Esa sensación de apertura y tolerancia es común a toda Holanda, pero luego hay detalles que se escapan, como el relativo éxito (todavía menor) de un partido político anti musulmán y del creciente hastío de una parte del electorado con los inmigrantes. Algo muy holandés, pero que destaca en Amsterdam, mucho más europea que cualquiera, y donde el efecto capital-oasis que marca también a Londres o Berlín se repite una vez más en los canales donde en el día del rey (King’s Day internacional) aparecen decenas de barcazas, propias o alquiladas, donde la gente se reúne para la fiesta alrededor de birras y música al tiempo que la nave se desliza lentamente por la maraña de agua. Viva el sol, viva Amsterdam cuando lo tiene.
Imprescindibles de Amsterdam
Aparte de lo obvio, la vida urbana alrededor de los canales y el arte del callejeo, Amsterdam tiene una serie de puntos imprescindibles que el viajero no debe evitar. Desde luego el primero es el grupo de museos: el Rijksmuseum (frente al cual está el célebre eslogan “I am Amsterdam” frente al que todo el mundo se hace una foto, o sobre él, o bajo él), el Stedelijk Museum y el Museum het Rembrandthuis, esto es, la casa musealizada del mayor artista del país, Rembrandt; aunque la competencia de Van Gogh es dura gracias a su propio museo, con la mayor colección de pinturas de Van Gogh. También existe una sucursal del Museo Madame Tussaud (original de Londres) en Amsterdam, además del Filmmuseum, uno de los mejores museos dedicados al cine de Europa. Dentro de los espacios también es imprescindible la Casa Ana Frank, lugar de peregrinaje en la ciudad que es la verdadera casa de la cronista improvisada y trágica de la persecución de los judíos en Holanda por los nazis.
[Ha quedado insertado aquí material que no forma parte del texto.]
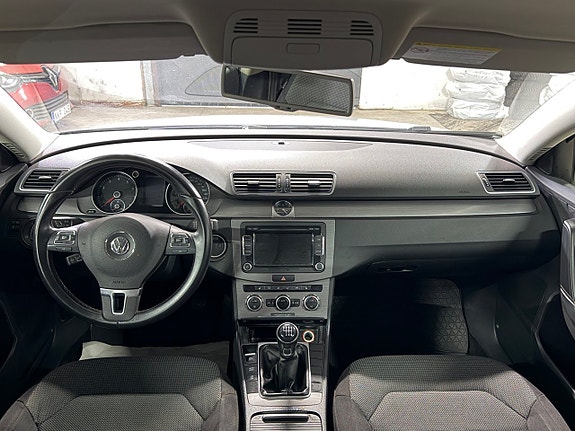 Volkswagen Passat 14 of 17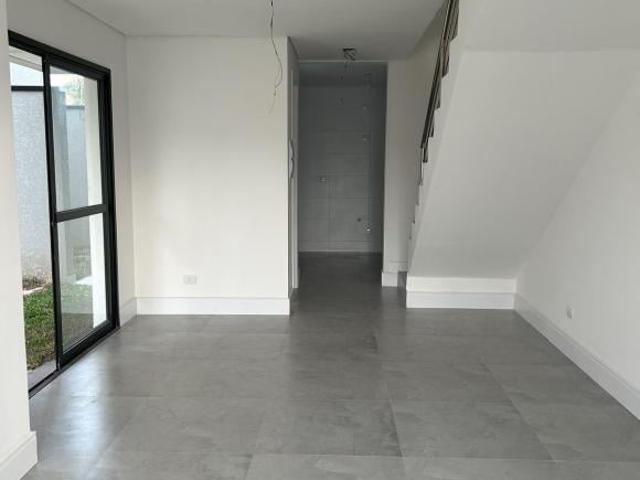 Triplex à venda de frente para rua no Xaxim em Curitiba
Fuera aparecen lugares peculiares como el Concertgebouw, la fábrica de Heineken que es quizás un punto donde siempre hay gente, como peregrinos hacia los botellines verdes, el Hortus Botanicus (uno de los jardines botánicos más antiguos del mundo, que data de 1660 y que cuenta en su colección la planta de café de la que se sacó el esqueje para las plantaciones de América), y otro punto verde, el Mercado de las Flores, lo cual en Holanda tiene cierta lógica. Surge con fuerza la gran plaza Dam, el corazón urbano donde se apelotona el pasado: el Palacio Real y una de las tres grandes iglesias de la ciudad, la Nieuwe Kerk. Aparte están la Oude Kerk (siglo XIV), y la Westerkerk, el punto de visión más imponente de Amsterdam. Y por supuesto el Barrio Rojo (obvio) y el otro gran cuadrado abierto, el Leidseplein, alrededor del cual aparecen bares, teatros, restaurantes y puntos de artistas callejeros.